Interest expense decreased $.2 million, or 2.3%, in the third quarter 1998
compared to the same period for 1997. Interest expense decreased $.5 million to
$21.5 million for the nine months ended September 30, 1998 from $22.0 million
for the prior year period. The decrease reflects a lower average outstanding
balance on the short-term notes payable to Banque Paribas for the nine months
ended September 30, 1998 than the prior year period.
Net Income
Mobile Energy's net income for the third quarter of 1998 was $2.6 million,
representing a decrease of $0.2 million, or 7.6%, compared to the third quarter
of 1997, which was mainly due to increased Operations and Maintenance Costs. For
the nine month period ended September 30, 1998, Mobile Energy's net income was
$7.3 million, representing an increase of $0.2 million, or 2.3%, from the same
period in 1997. Similarly, Holding's net income for the third quarter of 1998,
decreased $0.1 million, or 8.1%, compared to the third quarter of 1997.

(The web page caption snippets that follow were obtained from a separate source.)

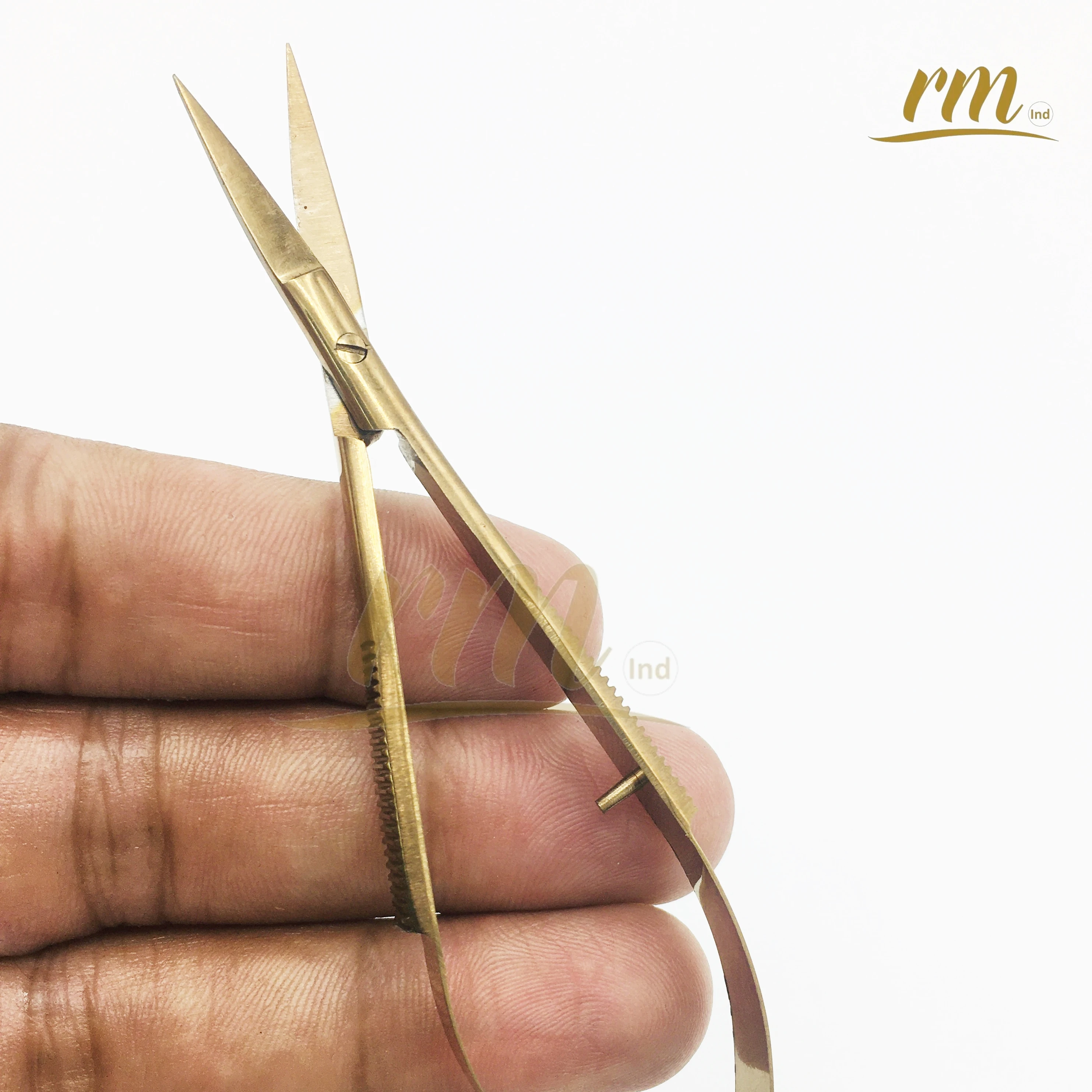 Профессиональные микро-ножницы для бровей глаз 4 5 дюйма прямые Castroviejo вышивка пружинное действие очень острый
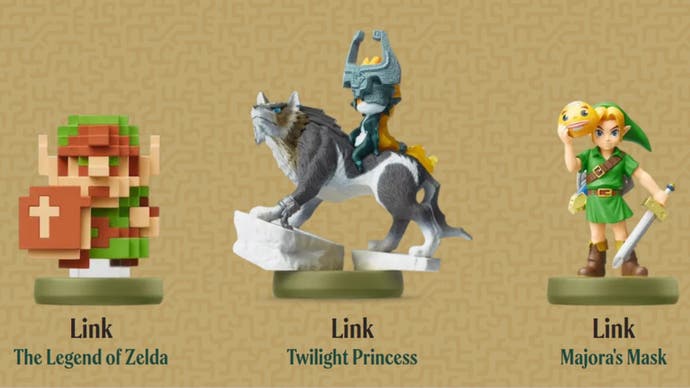zelda totk three compatible amiibos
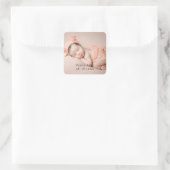 1 Foto Baby Birth Announcement Sticker (Tas)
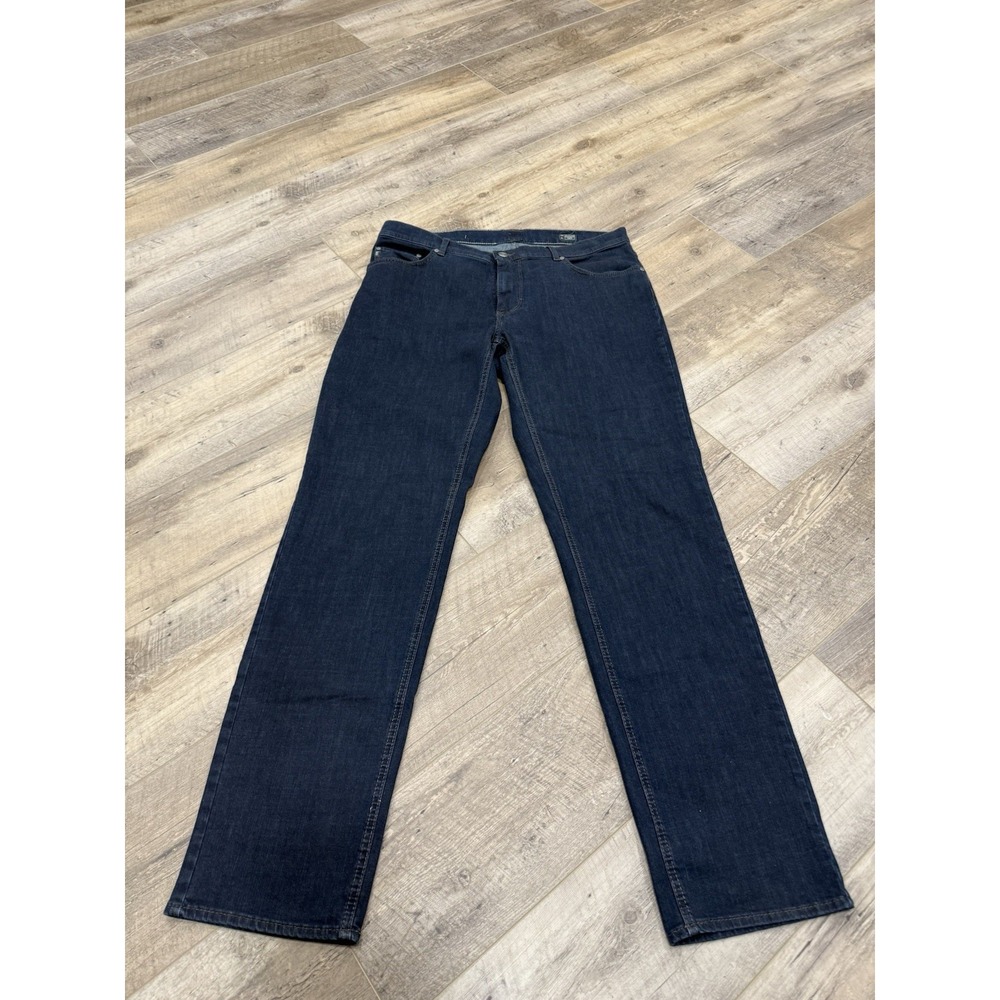BRAX FEEL GOOD COOPER DENIM REGULAR FIT JEANS MENS 38 X 34 MIDWEIGHT STRETCH BLU - Picture 2 of 8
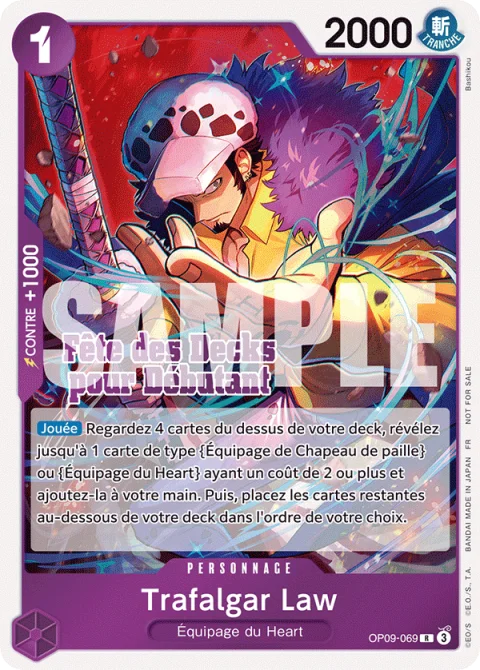 OP09-069-R - Trafalgar Law (Fête des Decks pour Débutant ST23-ST28)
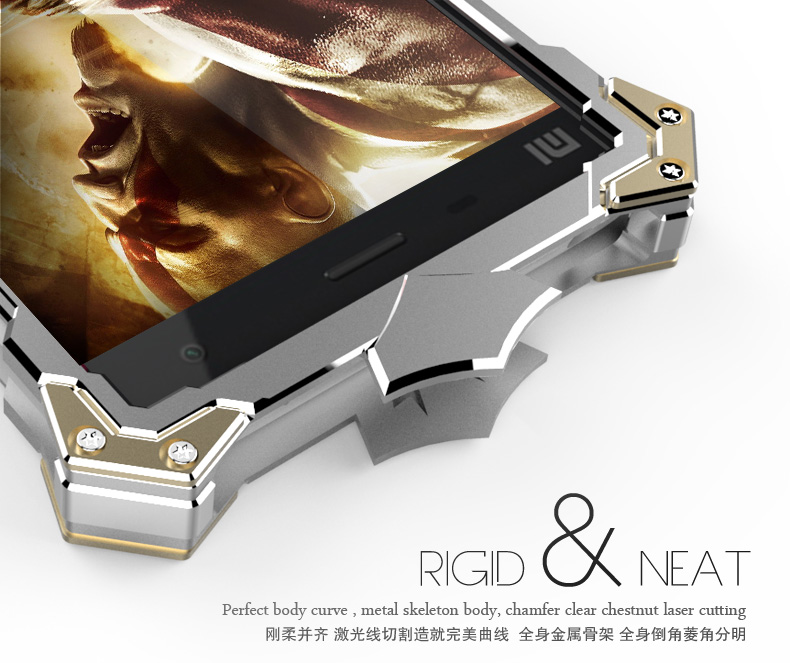 SIMON THOR Aviation Aluminum Alloy Shockproof Armor Metal Case Cover for Xiaomi Redmi Note 4|3|2|1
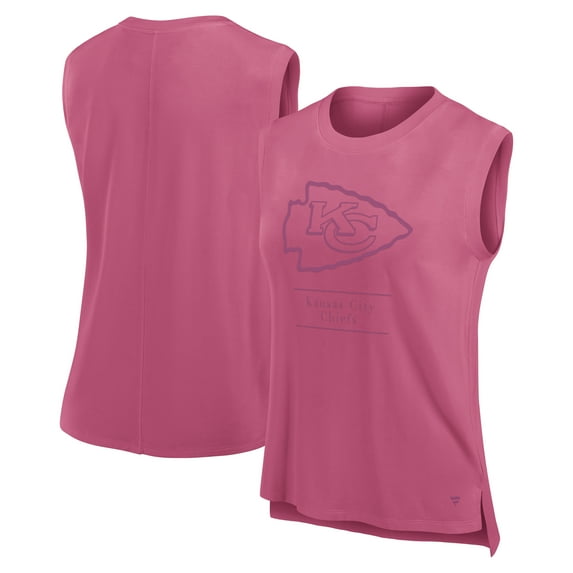 Women's Fanatics Pink Kansas City Chiefs Studio Embrace Tank Top
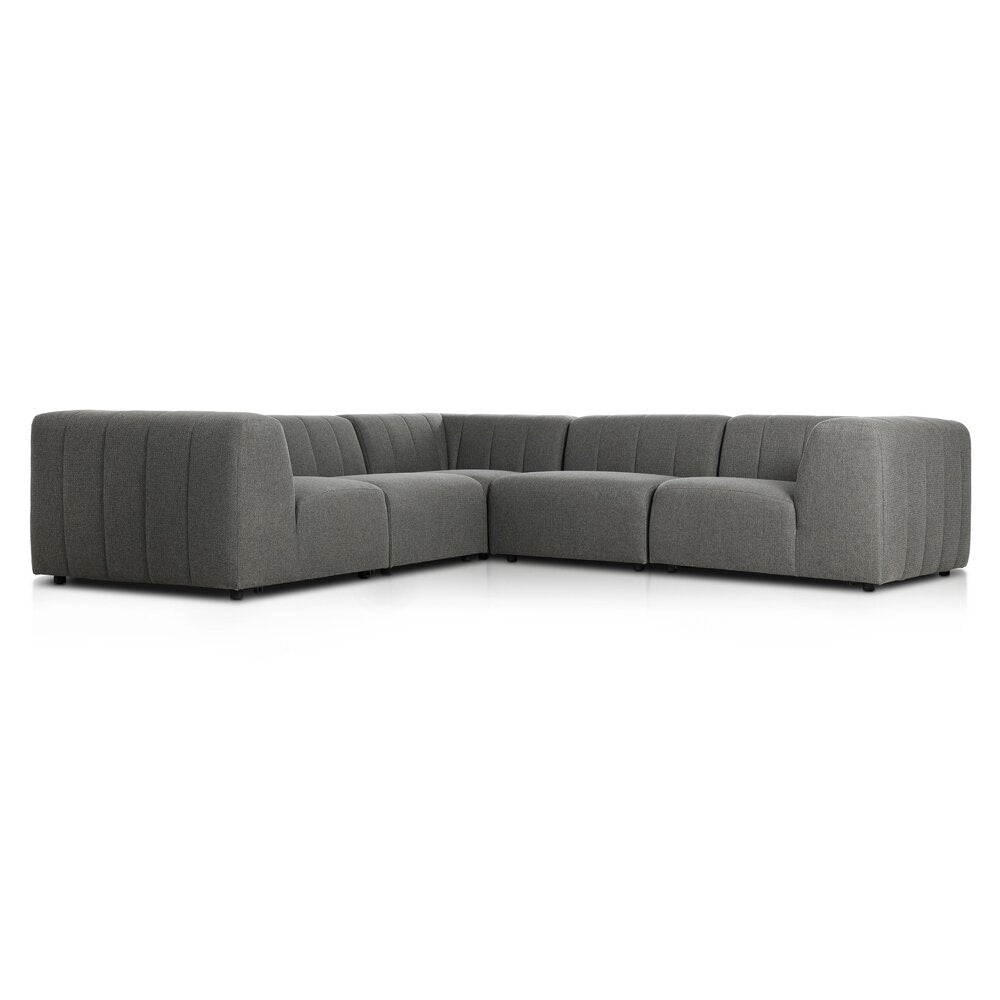 Four Hands - Solano - Gwen Outdoor 5-Piece Sectional - Hayes Charcoal - 223219-005 veiw 1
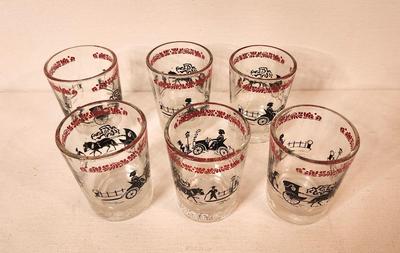 Lot #120 Lof of 6 Vintage Hazel Atlas Small Tumblers
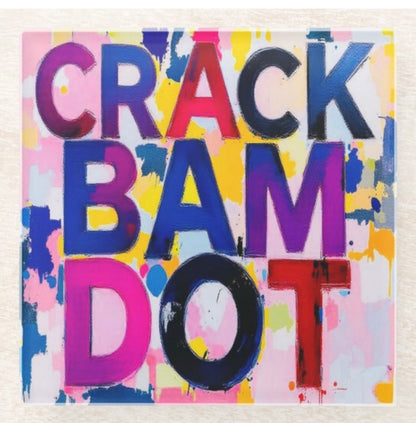 Crack Bam Dot Mahjong Coaster Set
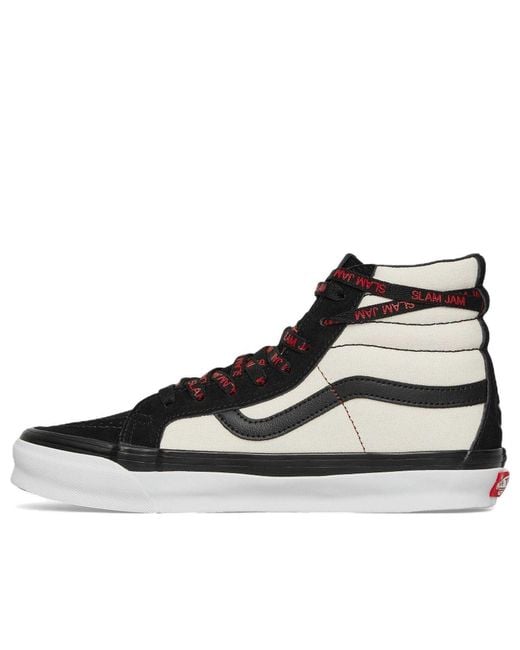 Vans Black Sk8-Hi Og Lx X Slam Jam for men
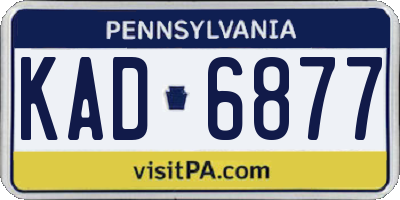 PA license plate KAD6877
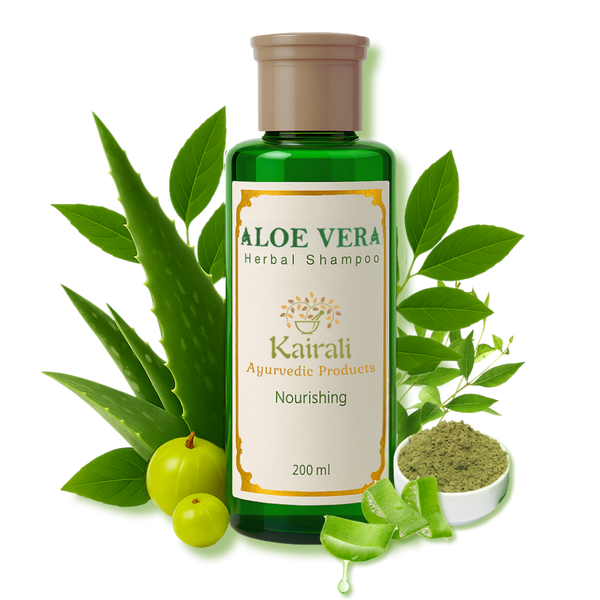 Best Aloe Vera Shampoo  - Herbal Shampoo for Repairing Dry & Damaged Hair Naturally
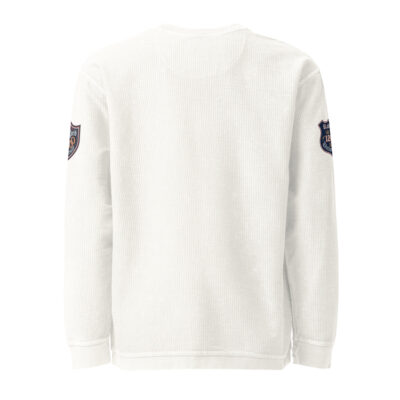 men's white corduroy sweatshirt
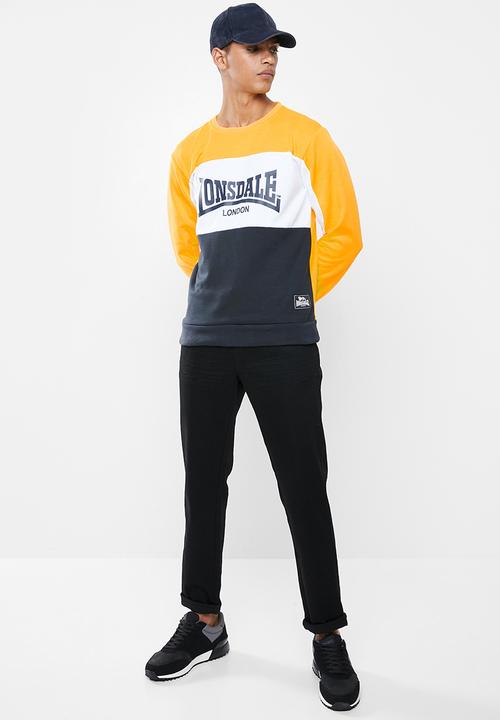 Lonsdale - Block fleece sweater - multi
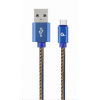 Gembird CC-USB2J-AMCM-1M-BL USB 2.0 AM na typ C (AM/CM), 1m, modrý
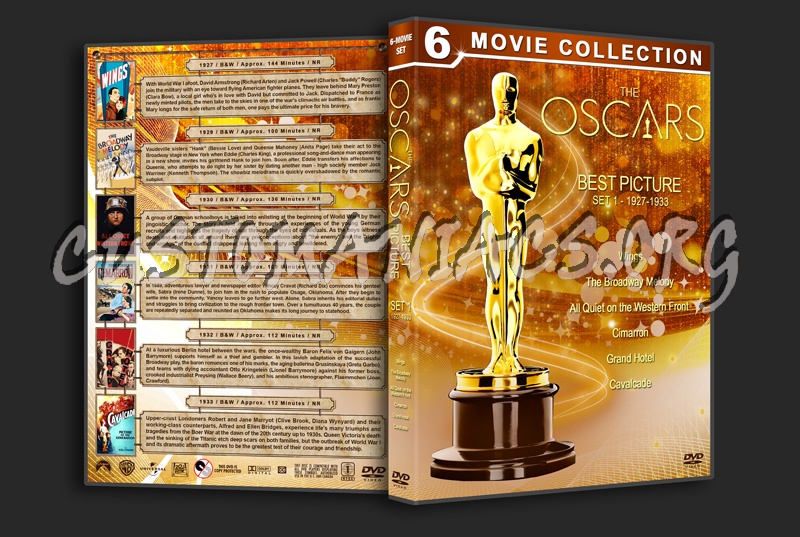 The Oscars: Best Picture - Set 1 (1927-1933) dvd cover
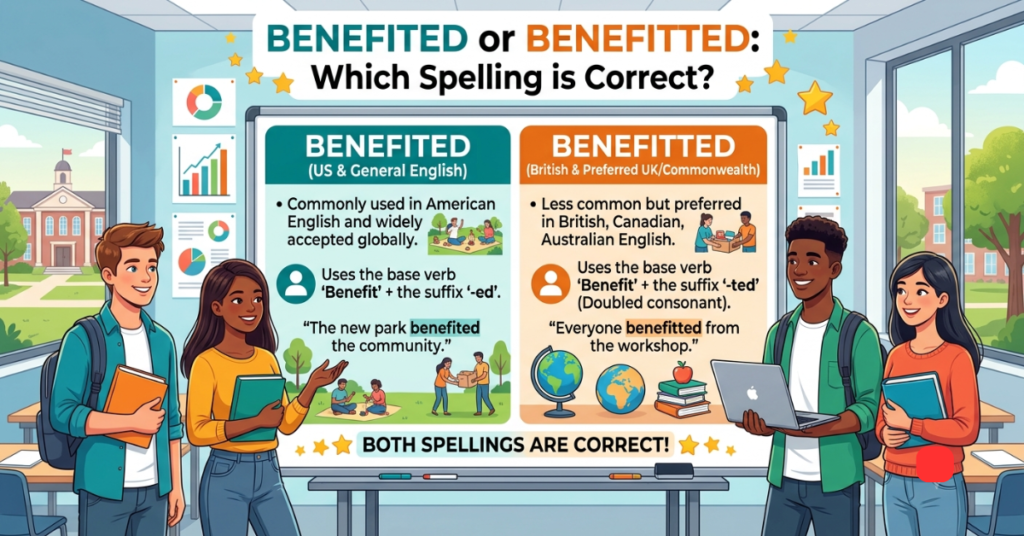 Benefited or Benefitted: Which Spelling Is Correct?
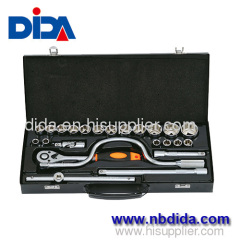 Combination Hand socket tool set in Strong iron boxes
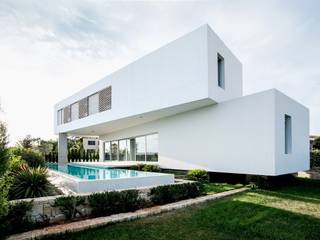 Casa Mikado, Ascoz Arquitectura Ascoz Arquitectura Jardines de estilo minimalista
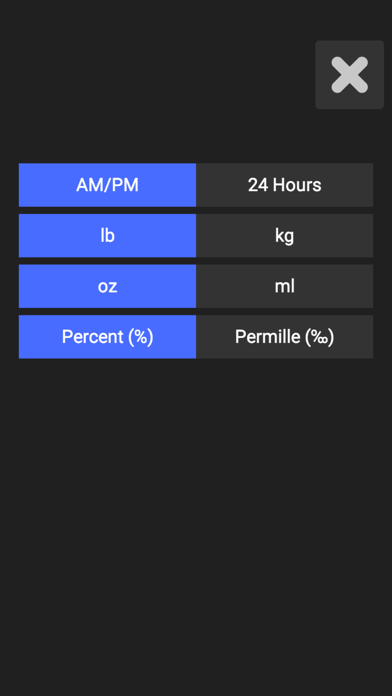 Alcohol BAC Calculator Screenshot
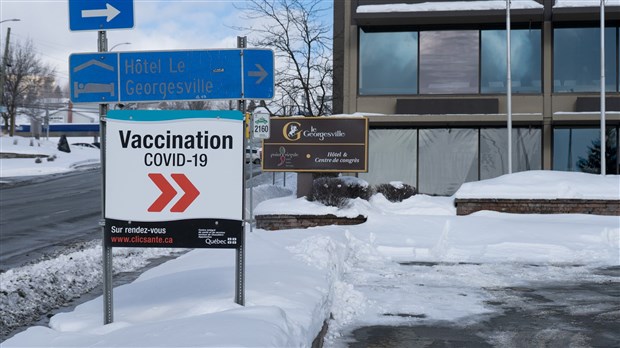 Visite du site de vaccination COVID-19 au Georgesville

Holding's net income for the nine month period ended September 30, 1998 was $4.5
million representing a $0.1 million, or 2.3%, increase from the same period in
1997. Income taxes were provided based on a combined 38.25% state and federal
rate applied to pretax income of $2.6 million for the third quarter of 1998,
$2.8 million for the third quarter of 1997, $7.3 million for the nine month
period ended September 30, 1998, and $7.1 million for the nine month period
ended September 30, 1997.
The Energy Complex is designed to operate efficiently in conjunction with
the Mills. There can be no assurance that the closure of the Pulp Mill and
termination of the Pulp Mill ESA will not cause an increase in Mobile Energy's
cost structure that will have a material adverse effect on Mobile Energy's
results of operations. See "- Announced Closure of the Pulp Mill."
Liquidity and Capital Resources
As of September 30, 1998, Holdings had $8.8 million in cash and cash
equivalents and total debt of $297.9 million. This level of liquidity (as
applied to Mobile Energy) will be affected by Mobile Energy's operating
performance, capital expenditures and dividend policies. On May 5, 1998, Mobile
Energy received notice of the closure of the Pulp Mill and termination of the
Pulp Mill ESA effective September 1, 1999. Based on such termination date, the
24
<PAGE>
Master Operating Agreement and the Pulp Mill ESA provide that Demand Charges by
the Pulp Mill Owner pursuant to the Pulp Mill ESA will continue until March 1,
2000. Because the Pulp Mill ESA provides substantial revenues and cash flows to
Mobile Energy, unless an alternative source of revenues or cash flows is
obtained, closure of the Pulp Mill and termination of the Pulp Mill ESA will
have a material adverse effect on the liquidity of Holdings and Mobile Energy.
See " - Announced Closure of the Pulp Mill."
Mobile Energy's working capital needs generally relate to Operations and
Maintenance Costs and debt service. In accordance with the Intercreditor
Agreement, Mobile Energy will reserve funds for certain operation and
maintenance activities in a separate account (the "Maintenance Reserve Account")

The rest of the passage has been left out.